Bridging visa holders face some of the most difficult working conditions. They are excluded from the formal economy due to their precarious status and pushed into care and service sectors where wage theft and unsafe conditions are the norm. The ability of bridging visa holders to assert their rights is also limited by the current political context, in which temporary migrants are blamed for a number of problems. social and economic illsfrom real estate pressures to inflation.

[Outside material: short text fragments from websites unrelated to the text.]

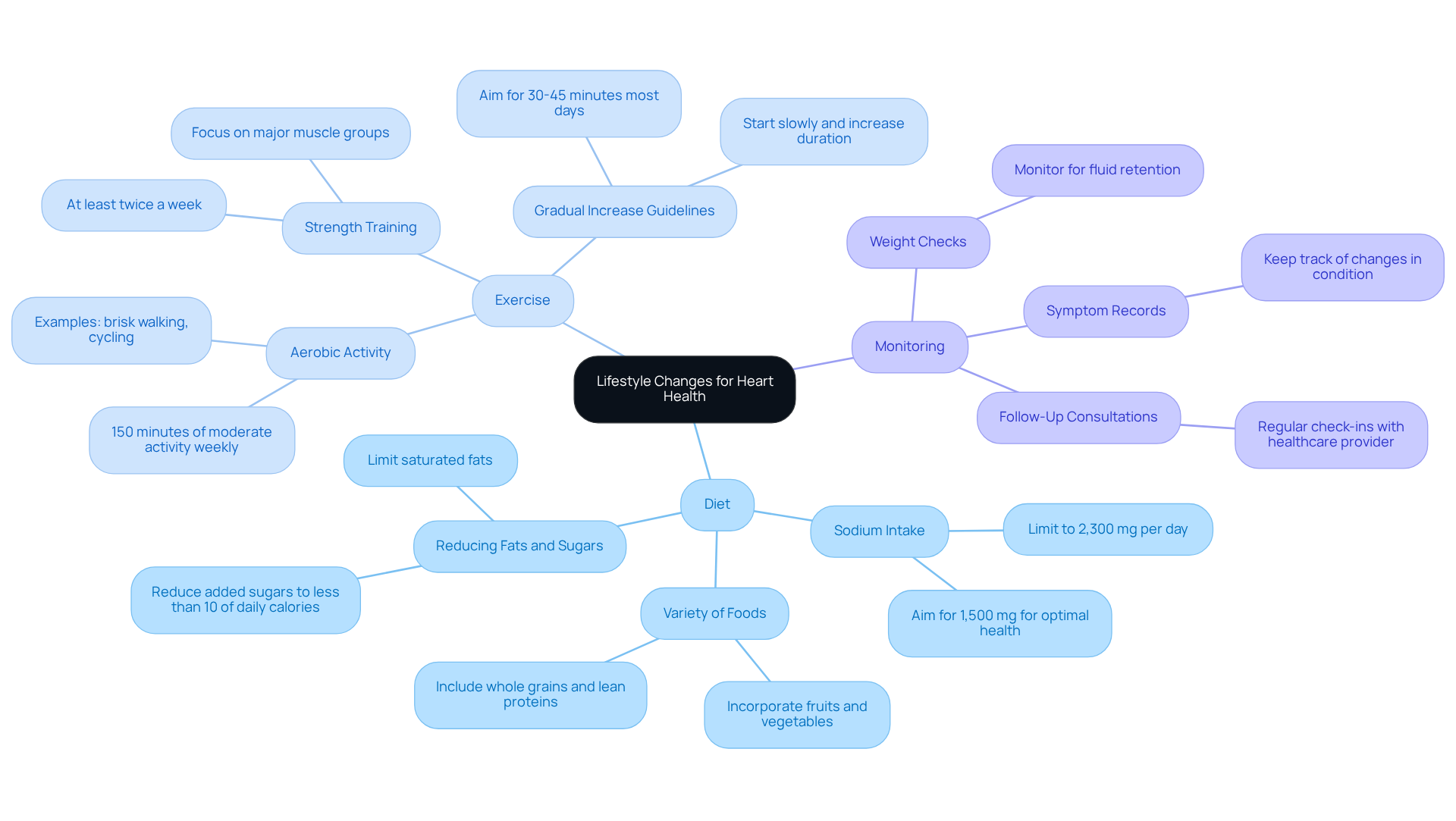The central node represents the overall goal of improving heart health through lifestyle changes. Each branch represents a key area of focus, with sub-branches providing specific actions or recommendations related to that area. The central node represents the overall goal of improving heart health through lifestyle changes. Each branch represents a key area of focus, with sub-branches providing specific actions or recommendations related to that area.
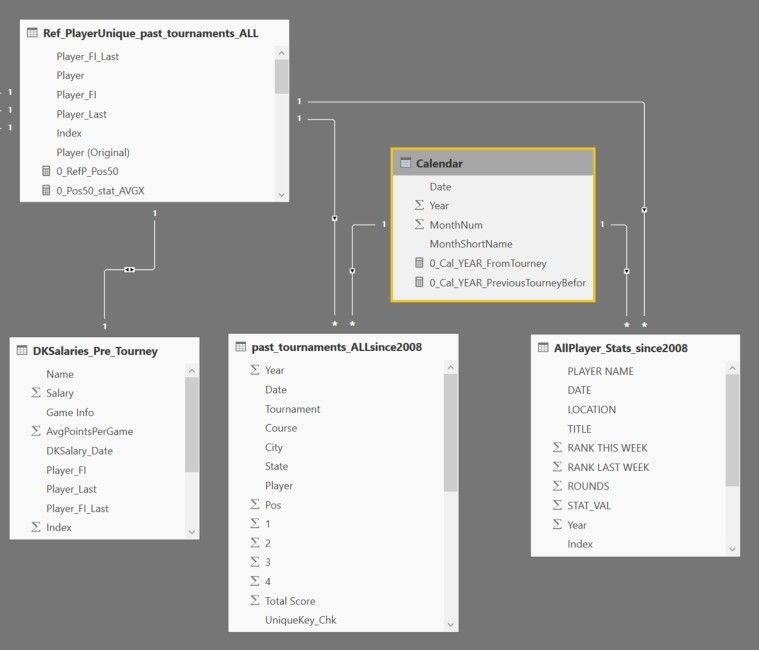 Table Mapping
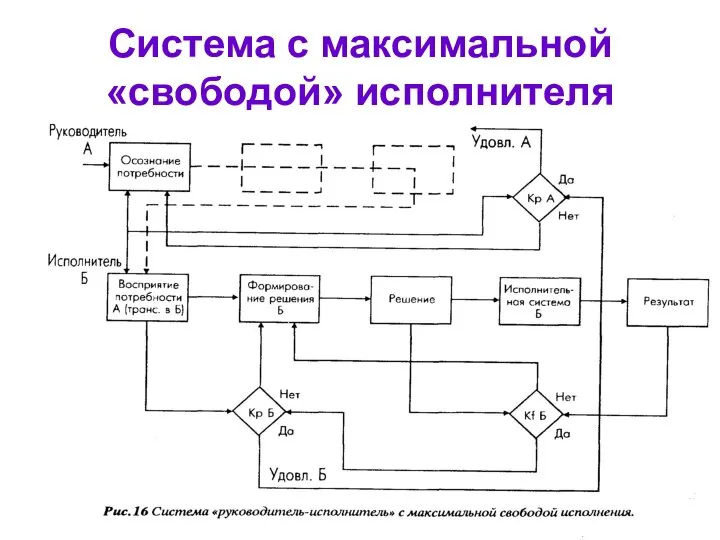 Система с максимальной «свободой» исполнителя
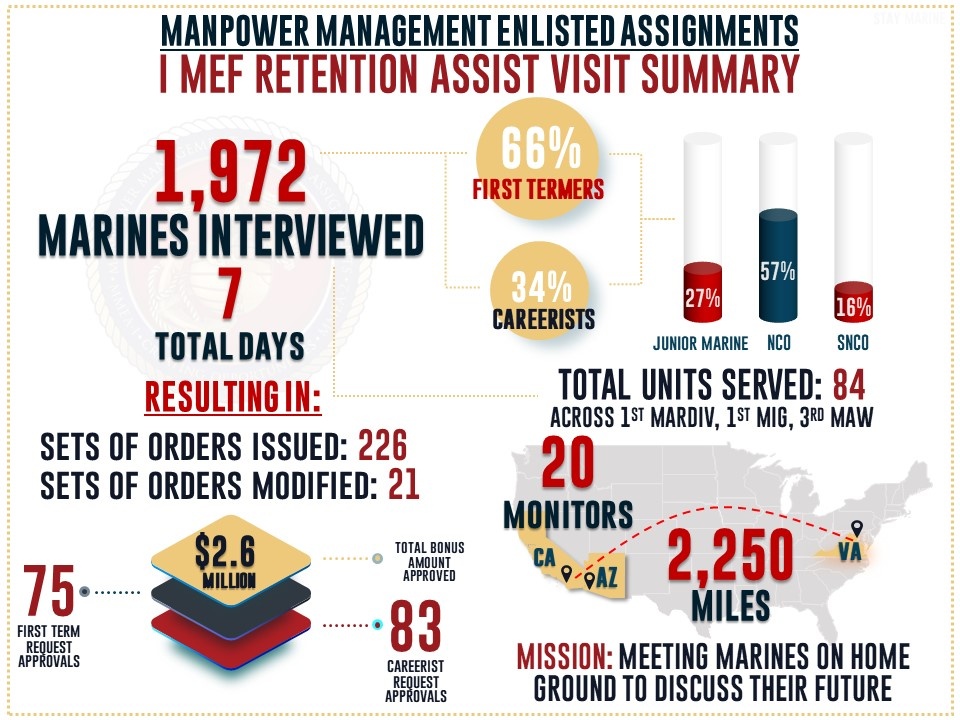 I Marine Expeditionary Force Retention Assist Visit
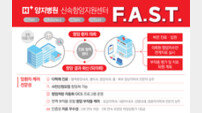 H+양지병원, 신속항암지원센터 ‘FAST’ 오픈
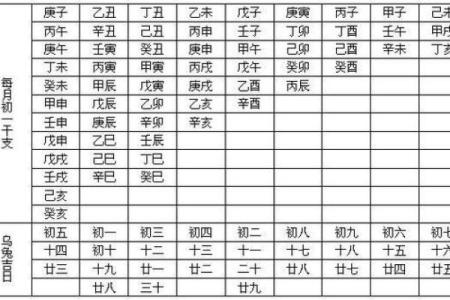 男命怕将军，女命怕什么？揭示命理背后的奥秘！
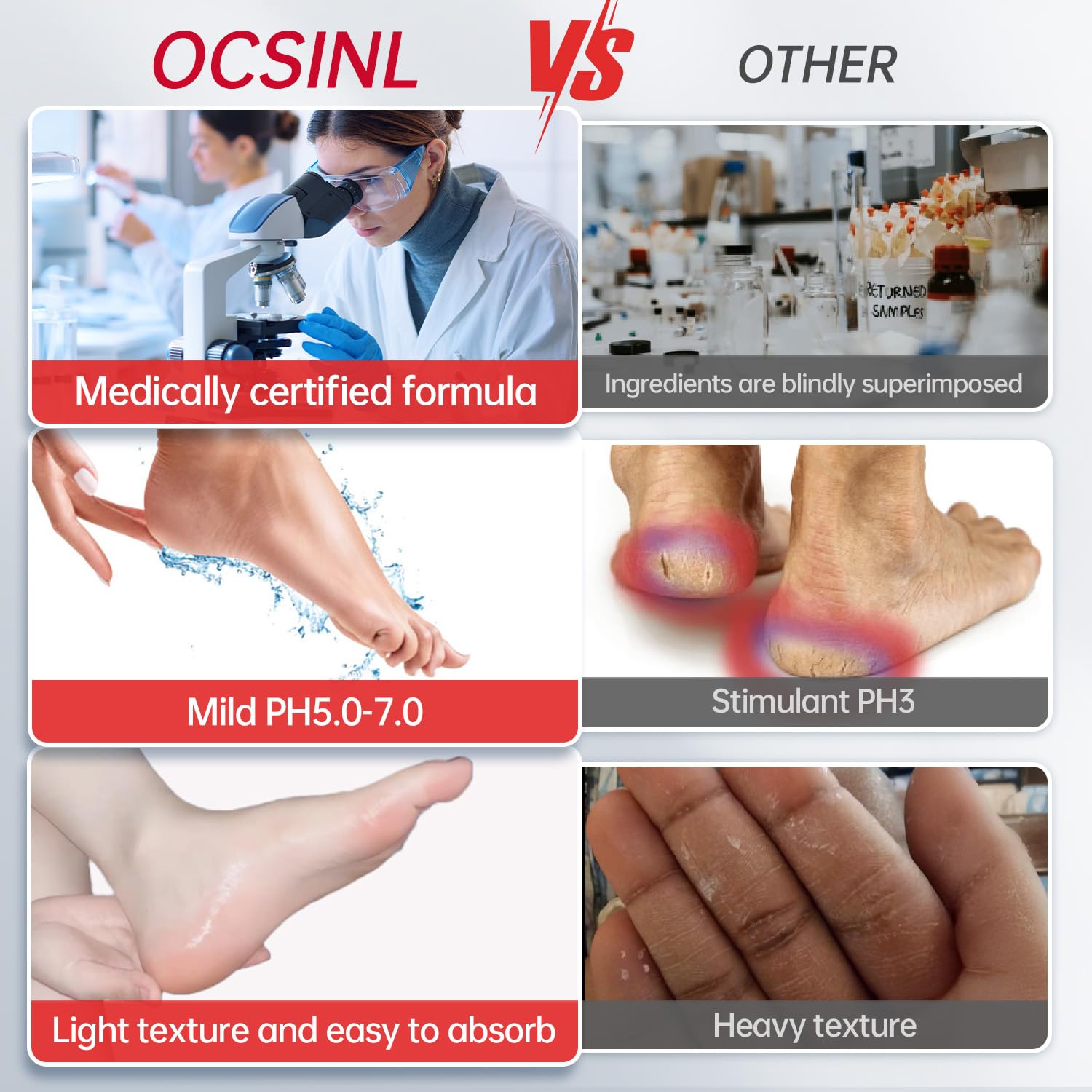 OCSINL Urea Cream 40% for Feet – Deep Repair, Moisture & Free Heel Covers (5.29 oz)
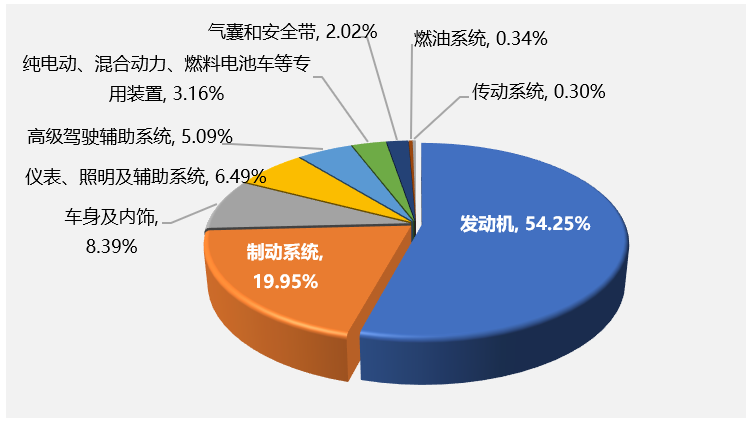 2023年国内汽车召回超672万辆 新能源召回数量创新高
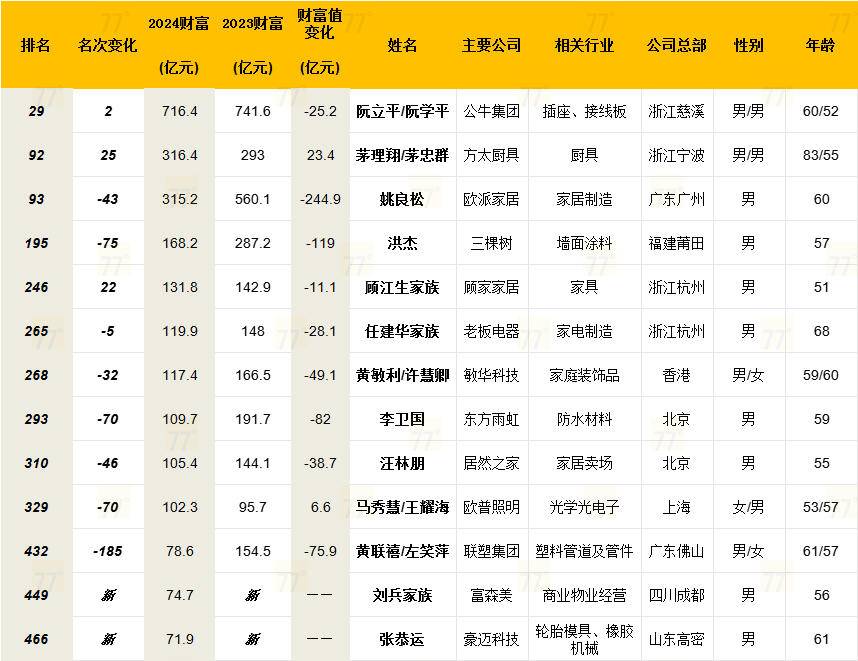 2024新财富500创富榜揭晓 13位建材家居企业家上榜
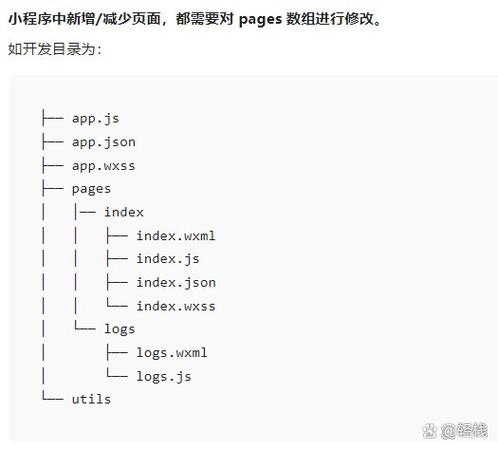 后缀pages是什么文件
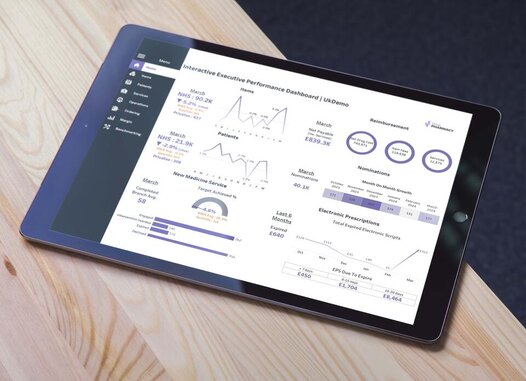 Dispensary+ Insights Dashboard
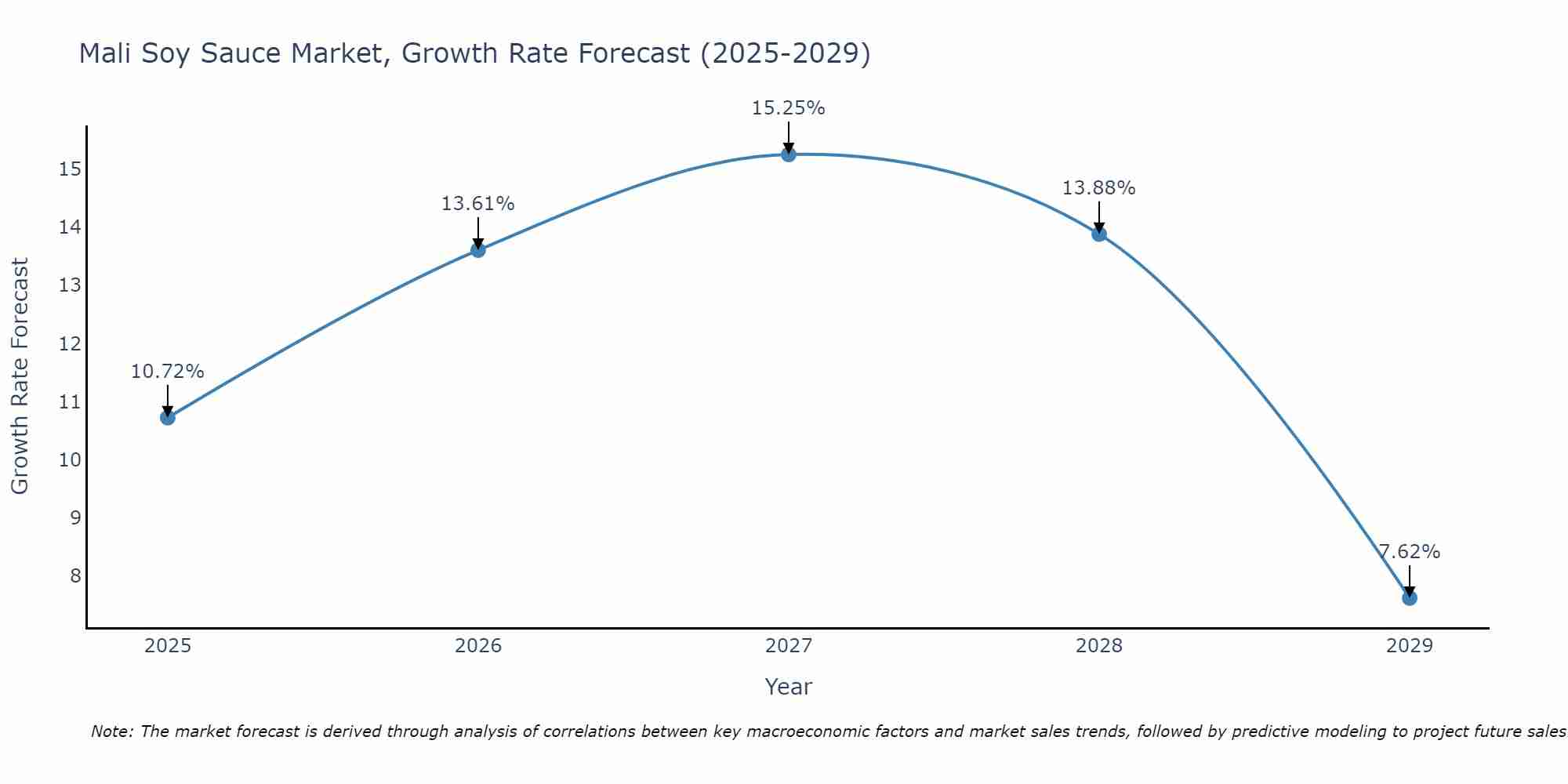 Mali Soy Sauce Market Growth Rate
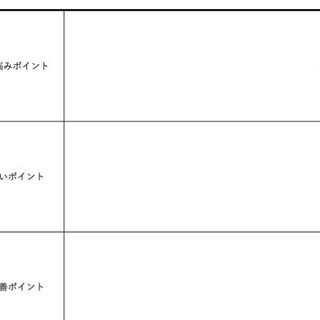 「ボリュームたっぷり！」歌うまチャート診断！が大人気！の画像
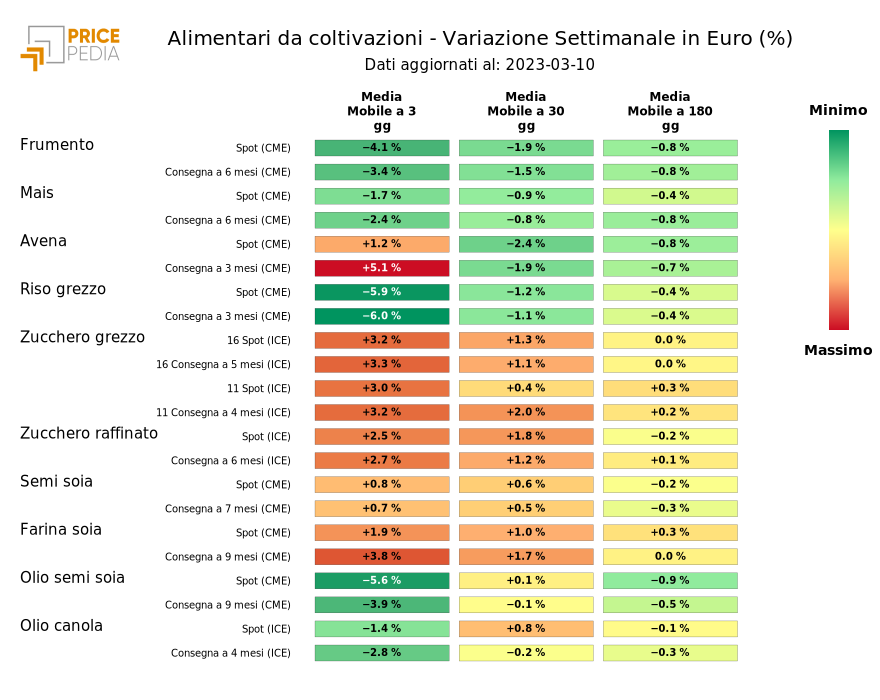 Grafico: HeatMap dei prezzi degli alimentari da coltivazioni HeatMap dei prezzi degli alimentari da coltivazioni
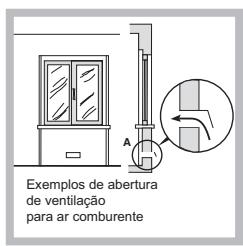 HOTPOINT FTGHG 751 D/A/LPG - Posicionamento - 2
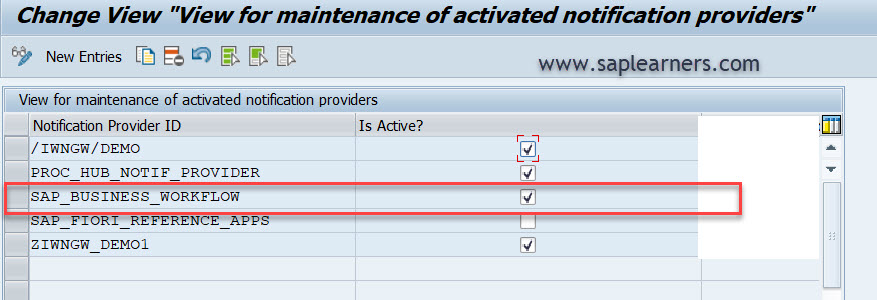 Configure Notifications in Fiori 2.0Backend System Step20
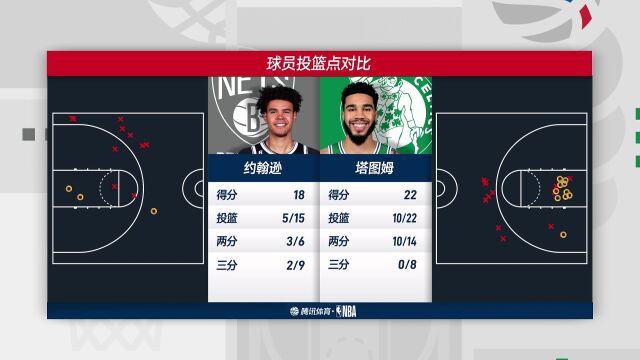 篮网vs凯尔特人中文解说全场回放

The way out of this political impasse does not consist of convincing voters in the abstract of “benefits” of migration or by appealing to their benevolence. It is by convincing ordinary workers that immigration restrictions hurt them undermining the conditions of their visa-holding colleagues and protecting their boss’s exploitable and disposable labor supply. There is nearly 3 million temporary migrants in Australia at present, constituting almost 10% of the active population. For most of us, temporary migrants are part of our workplaces – and our lives.

Compassion is no substitute for common cause. That’s what we saw at the recent Woolworths picket, as 1,500 workers, including many on temporary visas, went on strike against the country’s largest supermarket chain. A kitchen strike was created by refugees on transitional visas as a gesture of solidarity with union members who supported their hundred day camp outside the Interior Ministry offices earlier this year.

Being distracted by sleight-of-hand changes in migration levels or reducing the rights of some will ultimately harm the living conditions of us all.